Democrats go on offense ahead of Supreme Court healthcare ruling
Democrats sought to take the offensive on healthcare Wednesday, a day before a landmark Supreme Court decision on President Obama’s signature legislative achievement.
House Democrats said the high-court ruling would be a clear indication of whether the nation’s highest court is partisan or impartial, even as they sought to raise campaign funds off the pending decision.
{mosads}”We’ll find out this week if the Supreme Court is listening to the American people and following the U.S. Constitution,” said Rep. Xavier Becerra (Calif.), vice chairman of the House Democratic Caucus, “or if it’s becoming more and more what we’ve seen in the past: a partisan body no different from the Congress.”
The ruling, Becerra added, will reveal “whether there are nine people in the Supreme Court who are going to try to do the bidding of special interests or who are actually listening to the needs of the American people guided by the Constitution of the United States.”
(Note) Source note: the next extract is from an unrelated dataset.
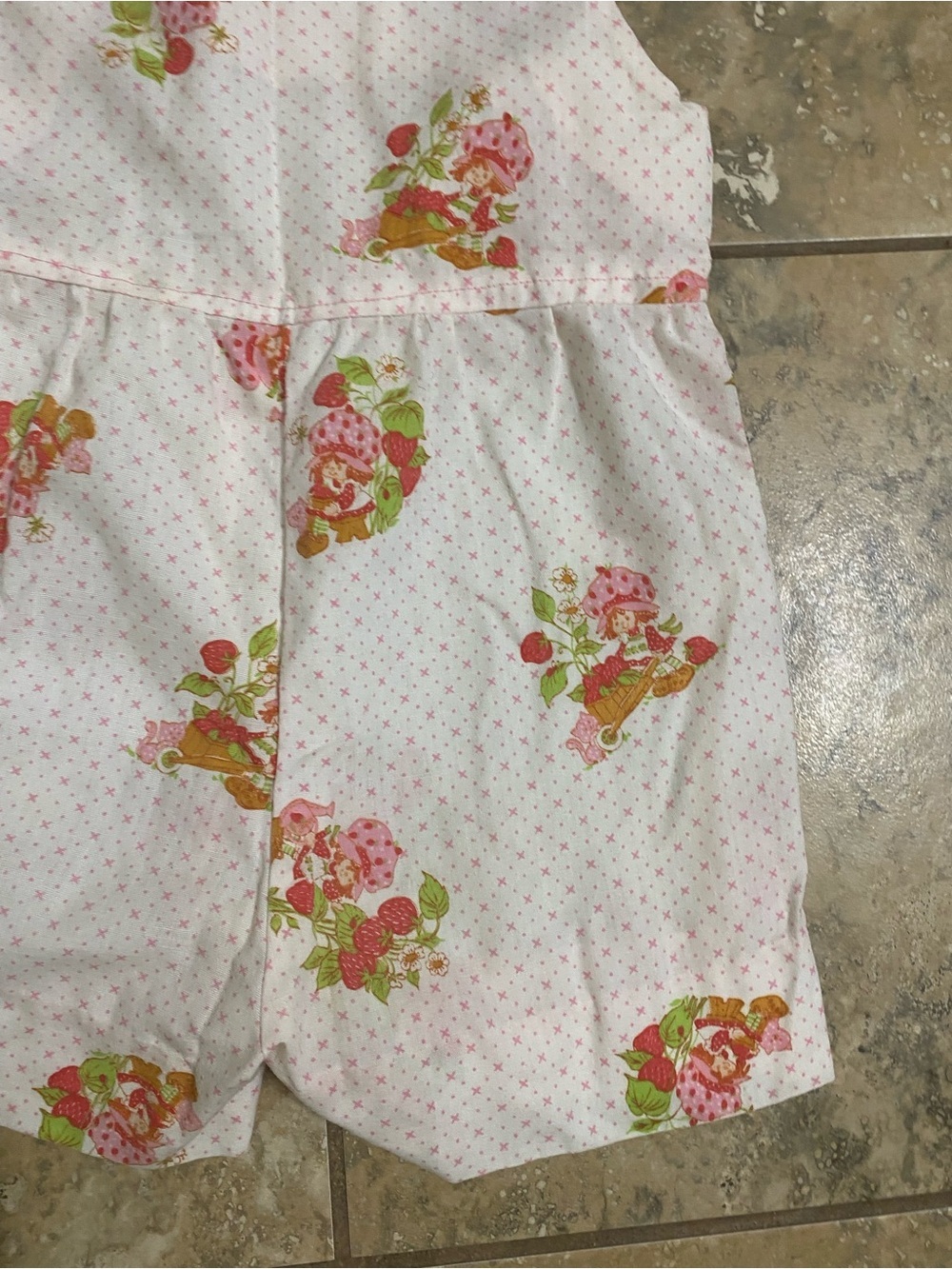 Vintage Retro 80s Strawberry Shortcake 12mo Pink Pin Dot Sunsuit Romper Rare - Picture 11 of 11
Separately, the House Democrats’ campaign arm on Wednesday sent an email to supporters asking for campaign funds. If the court strikes down Obama’s law, “Democrats will need to redouble our efforts, fighting to ensure universal healthcare that’s affordable and accessible to every American is a reality,” the email said.
It also warned that a decision against the law means “dangerous Tea Party extremists will go on a rampage.”
The court is expected to rule Thursday on a series of lawsuits challenging the constitutionality of the Democrats’ 2010 law — in particular, its requirement that most Americans purchase health insurance or pay a financial penalty.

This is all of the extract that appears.